Anadolu Selçuklu Devleti hükümdarı 2.
Kılıçarslan ticareti canlandırmak maksatlı, ana yollar boyunca kervanların
konaklaması için hanlar yaptırmış. Bu hanlar, o günkü şartlarda bir kervanın
bir günde ulaşabileceği aralıklarla yapılmış. Bu güzergahlardan biri de Kayseri
Konya arasındaki yol.

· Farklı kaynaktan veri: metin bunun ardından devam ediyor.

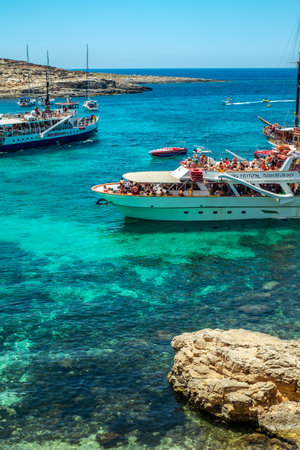 Comino, Malta - July 23, 2019. Tourists crowd at Blue Lagoon to enjoy the clear turquoise water on a sunny summer day with boats on Comino island, Malta.のeditorial素材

Bu yolun İpek Yolu olduğu da söyleniyor.
Bu yol boyunca benim bildiğim hanlar:
Horozlu Han, Obruk Han, Zazadın Hanı, Sultan Hanı, Ak Han, Saray Han, Ağzıkara
Han, Tepesi Delik Han, Alay Han. 4-5 handa bir daha büyüğü planlanmış. Mesela
Sultan Hanı. Daha büyük olanların adına da Kervansaray demişler. Sultan Han’ın
çevresinde bugün 10 bin nüfuslu bir yerleşim oluşmuş. Burası şu an Aksaray İli
’ne bağlı tek köyü olan bir ilçe. Evet evet sadece tek köyü var bu ilçenin.
Bir zamanlar ticaret kervanlarının
gelip geçtiği, yaz kış içinde insanların yatıp kalktığı, nice yaşanmışlıkların
olduğu bu hanlar artık kullanılmaz olunca, zaman içerisinde harabeye dönmüş.

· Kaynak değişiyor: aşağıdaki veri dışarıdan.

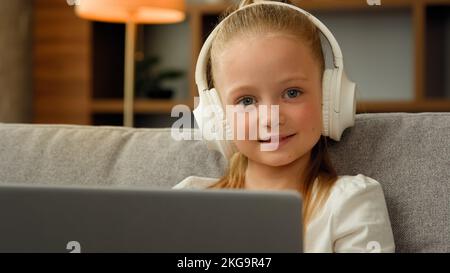 Adorable enfant heureux jolie fille dans les écouteurs s'asseoir à l'appartement écouter de la musique sur ordinateur portable jouer jeux d'ordinateur drôle petit enfant écofille montre tout-petit Banque D'Images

(Resim 1,2) Hepsinin ayrı hikayesi var.
Ne hikayeler var. Tepesi Delik Han'ın
yakınlarındaki köylüler taşlarını götürmüşler. Ev yapmışlar, ahır yapmışlar,
avlu duvarı örmüşler. Sonra taş götürenlerden birinin çocuğu sara hastalığına
tutulmuş "hanın taşı çarptı" diyerek taş alımını durdurmuşlar. Köye
gidip taşları tespit ettik ama neye yarar..!

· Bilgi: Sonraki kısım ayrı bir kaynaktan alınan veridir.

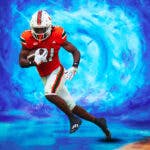 Henry Parrish Jr. (Miami Hurricanes running back) in front of a portal with Ole Miss logo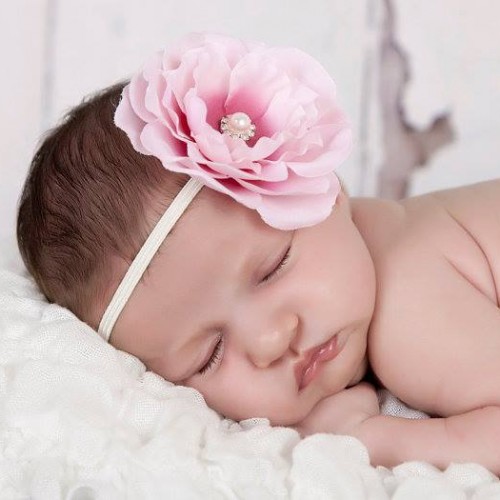 Pink two-toned flower with rhinestone on a soft elastic headband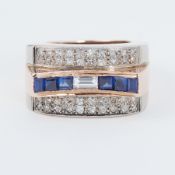 An impressive rose & white gold Art Deco style cocktail ring set with a line of baguette &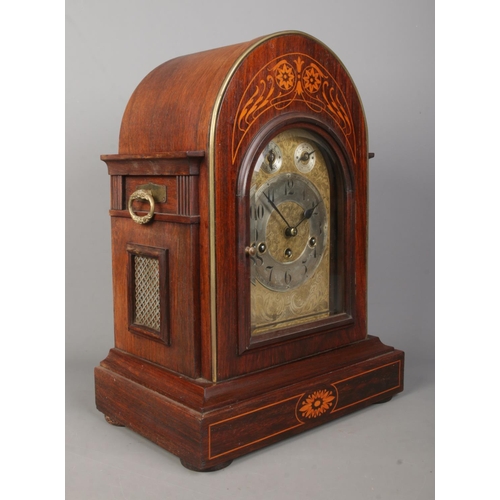 137 - A Junghans inlaid mahogany bracket clock. Having brass dial and subsidiary dials for speed and chime... 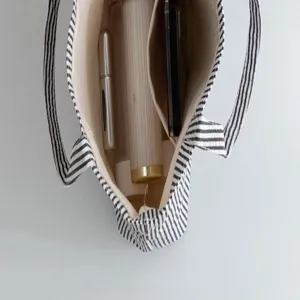 Interior detail of large striped tote bag showing beige lining and inner compartment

Mesela demir yüklü bir TIR,
dorsesinden kayan demirleri geri geri han duvarına dayayarak düzeltmeye
çalışmış. Hanın büyük bölümü göçmüş o zaman. Umurunda mı..?
Han’ı koyun ağılı olarak kullanmışlar.
Tepesi Delik Han’ın Aksaray tarafında
bir konak ötesindeki han Ağzıkara Han. Orası nispeten sağlam kalmış, şu an
turizm amaçlı kullanımda. Kayseri tarafında bir konak sonrasındaki han ise Alay
Han. Bu Alay Han daha büyük. Bir zamanlar Konya Kayseri Karayolu bu hanı
ortalamış geçmiş. Daha sonraları kim fark ettiyse, yada kim insafa geldiyse
yolu bir yay çizecek şekilde 100 metre falan kenara almışlar. (Resim 6)
Vakıflar Genel Müdürlüğü bu hanları
restore etme kararı almış. Bize de Tepesi Delik Han düştü.
2008 yılında Tepesi Delik Han’ın
restorasyonunda görev aldım. O tarihi eser harap olmuş. Şimdiki
Aksaray-Nevşehir-Kayseri-Konya yolunun kenarında. Ana yola mesafesi 25-30
metre. Aksaray’a 30 km mesafede.
Restorasyon için camilerde,
minarelerde, taş yapılarda oldukça tecrübeli olan, o bölgede çok iş yapmış taş
ekibimiz vardı. O yönden şanslıydım.
Han, plan olarak giriş kapısını
karşınıza alıp duruşunuza göre sağa sola beş aks, öne arkaya doğru yedi aks
şeklinde.
Hanın yapımında kullanılan taş ocağını
araştırdık. 15 km ileride handa kullanılan orijinal taşların ocağını bulduk,
taş siparişini verdik. Yakındaki Bebek Köyü’nden işçiler ayarladık. Yıkıntılardaki
taşlardan kullanılabilir olanları ayırmaya başladık. Taşların ayıklanmasında,
hanın temellerine ulaşıncaya kadar temizlenmesinde ASLA İŞ MAKİNASI
ÇALIŞTIRMADIM. TAMAMEN ELLE, İNSAN GÜCÜYLE YAPTIK. Çıkan toprak ve
molozları el arabası ve insan gücüyle 20 metre ileriye taşıyıp istifledik.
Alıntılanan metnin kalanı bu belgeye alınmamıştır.